A letter sent by the city administration of Bad Tölz-Wolfratshausen in Munich to a Sierra Leonean national calling for him and his daughter to attend an identity interview | Photo: courtesy H.C., Munich, October 28, 2021
A letter sent by the city administration of Bad Tölz-Wolfratshausen in Munich to a Sierra Leonean national calling for him and his daughter to attend an identity interview | Photo: courtesy H.C., Munich, October 28, 2021


"It's traumatic for many Sierra Leoneans who have received those letters," Kamara said. "Many of them have been working, many of them have done their "Ausbildung" (professional training or apprenticeship). Many of them have kids here, and now you're trying to separate them from their kids and their families to send them back (to Sierra Leone)."

People who have received a letter but don’t turn up to their hearing risk being charged with an offence, as the law says that anyone seeking protection in Germany has to "cooperate in obtaining an identity document" and "undergo the required identification measures." They can even be forcibly taken by police to attend a hearing or issued with a status known as a "Duldung", which means a temporary suspension of deportation. Following the introduction in April last year of a new law specifically aimed at boosting forced returns of unidentified asylum seekers, Duldung status does not give them the right to work.

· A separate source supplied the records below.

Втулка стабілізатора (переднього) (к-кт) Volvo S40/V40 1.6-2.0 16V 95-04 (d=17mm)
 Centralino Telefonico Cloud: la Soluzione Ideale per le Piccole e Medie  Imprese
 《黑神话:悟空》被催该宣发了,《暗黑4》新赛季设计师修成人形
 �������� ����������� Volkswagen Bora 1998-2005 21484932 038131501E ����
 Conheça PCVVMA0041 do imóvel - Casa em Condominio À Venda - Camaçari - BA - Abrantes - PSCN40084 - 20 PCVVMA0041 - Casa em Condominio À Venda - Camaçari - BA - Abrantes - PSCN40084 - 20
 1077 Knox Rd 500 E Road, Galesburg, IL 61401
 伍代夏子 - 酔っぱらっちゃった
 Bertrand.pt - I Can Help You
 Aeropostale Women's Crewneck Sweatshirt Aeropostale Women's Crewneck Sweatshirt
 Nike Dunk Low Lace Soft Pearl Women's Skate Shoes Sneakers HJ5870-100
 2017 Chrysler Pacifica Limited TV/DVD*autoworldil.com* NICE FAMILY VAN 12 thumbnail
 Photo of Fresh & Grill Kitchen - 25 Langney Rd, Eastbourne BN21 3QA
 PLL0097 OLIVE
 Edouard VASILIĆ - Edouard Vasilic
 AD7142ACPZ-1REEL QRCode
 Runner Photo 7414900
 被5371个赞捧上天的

Also read: Greens target German law aimed at rejected asylum seekers who fail to prove identity

Spokespeople for the Sierra Leonean community and supporters say the identity checks are racist | Photo: Imago
Spokespeople for the Sierra Leonean community and supporters say the identity checks are racist | Photo: Imago

'No future'

There were officially more than 540 Sierra Leoneans living in Munich at the end of 2020, according to the Süddeutsche Zeitung newspaper. "Most of us came here to have a better life. And we are contributing to society," said Kamara. "When you turn around and look, these are nearly all young guys," he said, gesturing towards the Sierra Leoneans gathered at the street protest on a cold autumn afternoon. "I think the oldest would be around 35. They are healthy and they want to go to work, and they want to learn.

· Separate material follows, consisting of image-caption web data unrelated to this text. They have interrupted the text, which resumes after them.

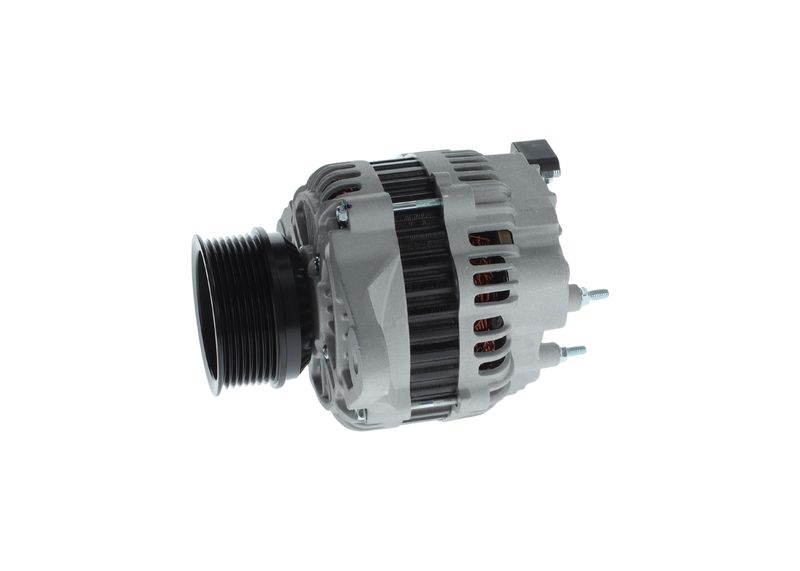 Generator / Alternator 1 986 A00 629 BOSCH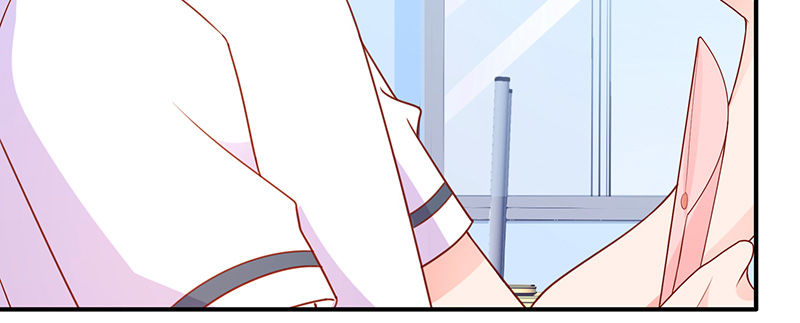 学霸的癖好(1/3)-第5话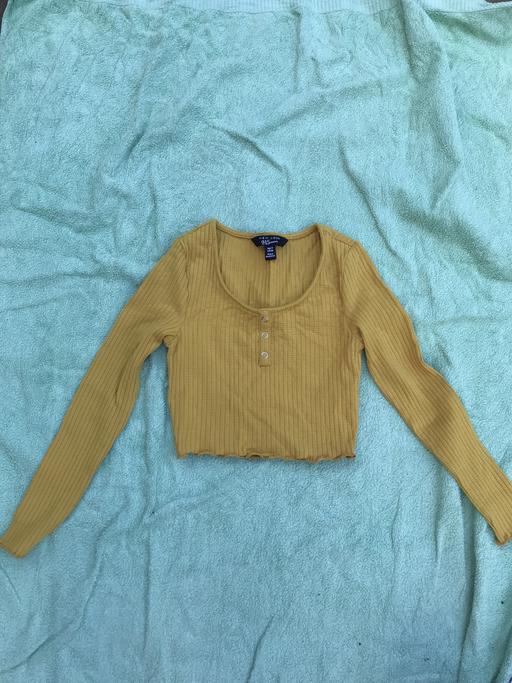 Buy & Sell West Midlands Sandwell - Photos for Top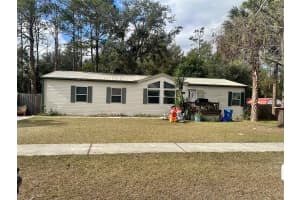 12706 HAWK HILL DRIVE, THONOTOSASSA, FL 33592 Sold 02/14/25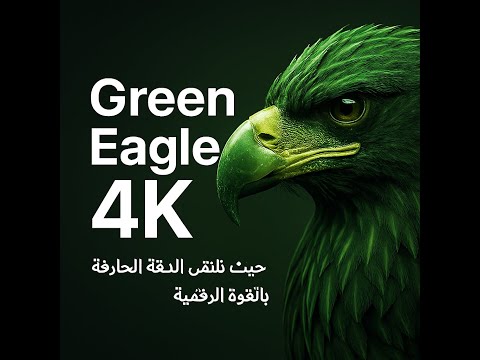 حيث تلتقي الدقة الخارقة بالقوة الرقمية   4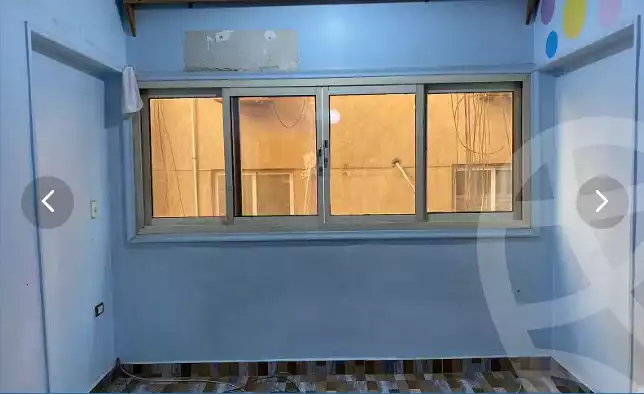 https://aqarmap.com.eg/ar/listing/4377011-for-rent-cairo-nasr-city-el-nadi-el-ahli-mahmoud-ezzat-selim-st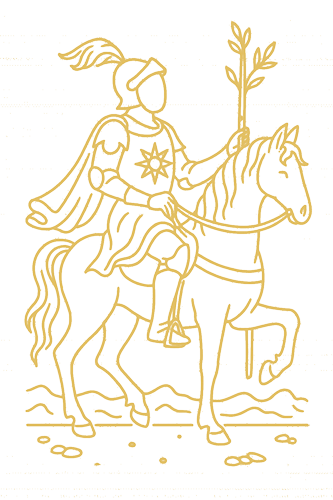 12 Knight Wands 500x333 1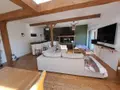 Maison a vendre Brêmes 62610 Pas-de-Calais 62 164 m2 4 pièces 374460 euros 62098-2458 020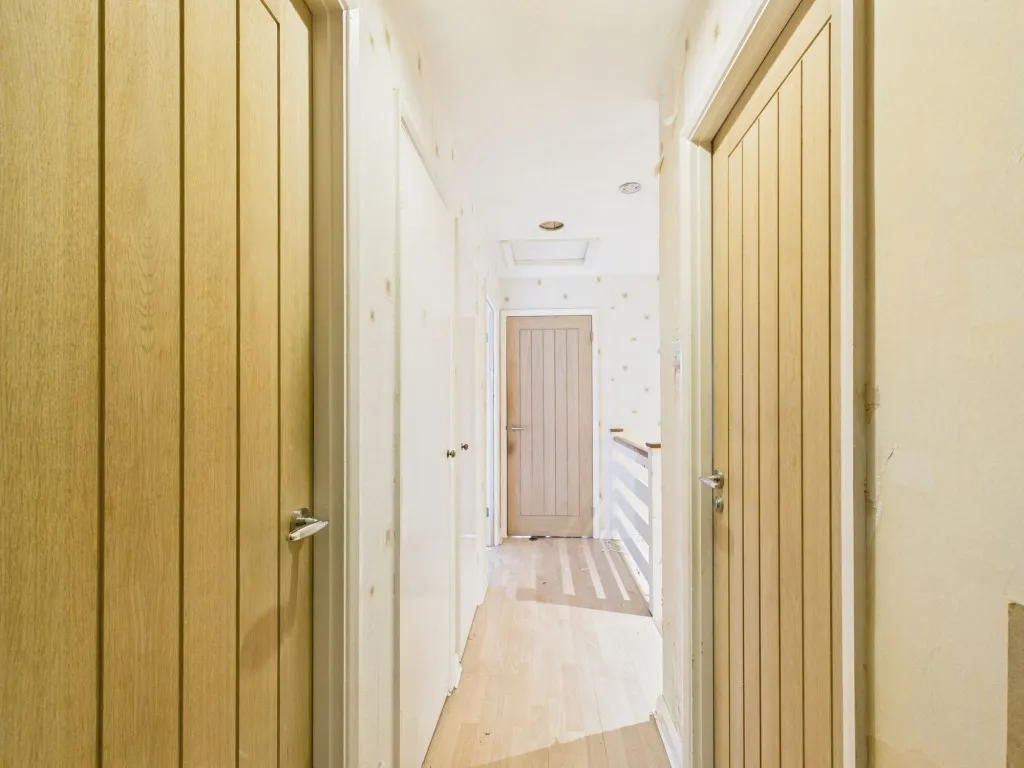 Wickham Road, Lower Earley, RG6, photo 12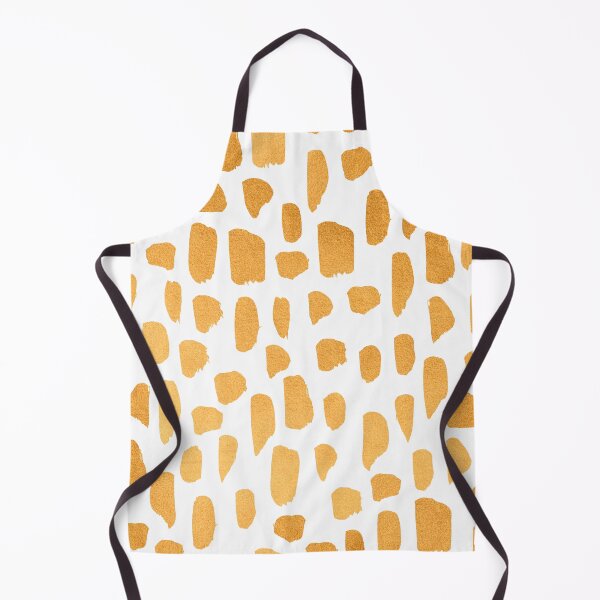 Item preview, Gold Pattern Background designed and sold by NoSpecialShop.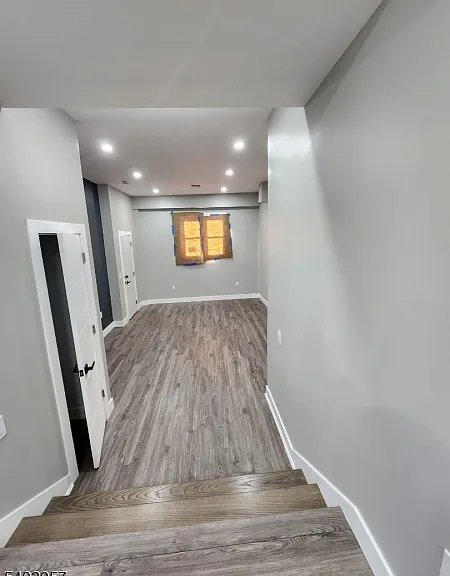 93 Hughes St #1 — Photo 10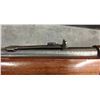 Image 17 : Winchester M. 9422M - .22 Magnum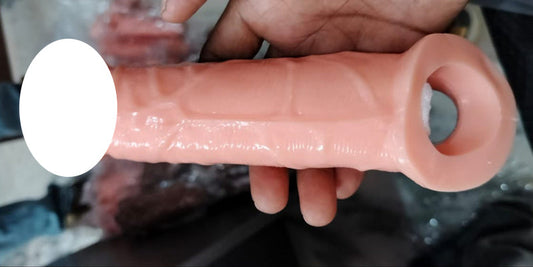 mornamartdragoncondom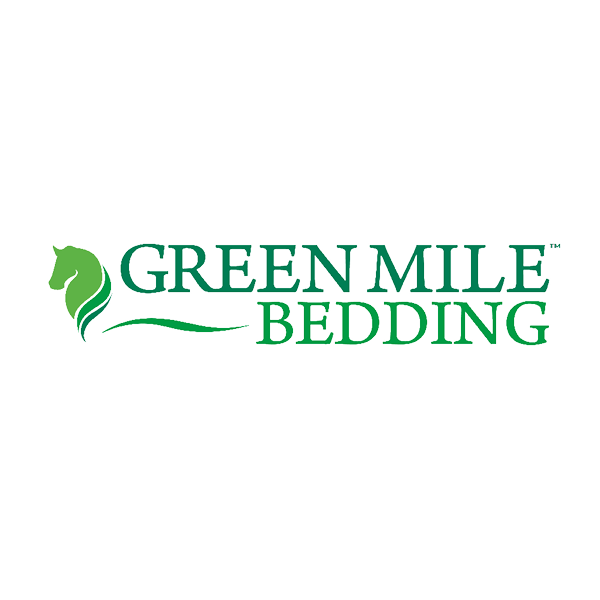 RWHS-2024-Sponsor-Logos-Colour-Green-Mile-Bedding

"If they are deported back home, these guys will start roaming on the streets. There is no future for them there," Kamara said. 

While they are the ones who are sleeping on wooden pallets, not all those at risk are men. Women and girls in Sierra Leone are routinely subjected to sexual violence, rape and traditional practices like female genital mutilation, said 25-year-old Fatmata, who fled Sierra Leone five years ago. "I want Germany to protect the Sierra Leoneans. I want them to stop the deportations."

Reaction from authorities

After this article was first published on October 28, a spokesperson from the LfAR (Landesamt für Asyl und Rückführungen, the Bavarian Regional Office of Asylum and Returns) told InfoMigrants that one of the aims of what they call the identification "mission" is "to explain to the foreign delegations [the visiting Sierra Leone officials] as well as the interviewees the prospect of voluntary return and thus to achieve a better understanding of the possibilities and opportunities associated with it.

"The LfAR promotes the voluntary departure of foreign nationals, in particular those who are obliged to leave the country, to their country of origin or to a third country that is willing to accept them. Through (...) return counselling, support for return and reintegration projects, the aim is to motivate these individuals to make the decision to return to the respective country of origin voluntarily.

"The survey obviously also serves to create the conditions for repatriation. There is no immediate repatriation in the context of the interview," the LfAR wrote. So far, on 11 days, 254 people in total turned up for their hearing, LfAR said. On each day of hearings, the office invites between 30 and 45 people.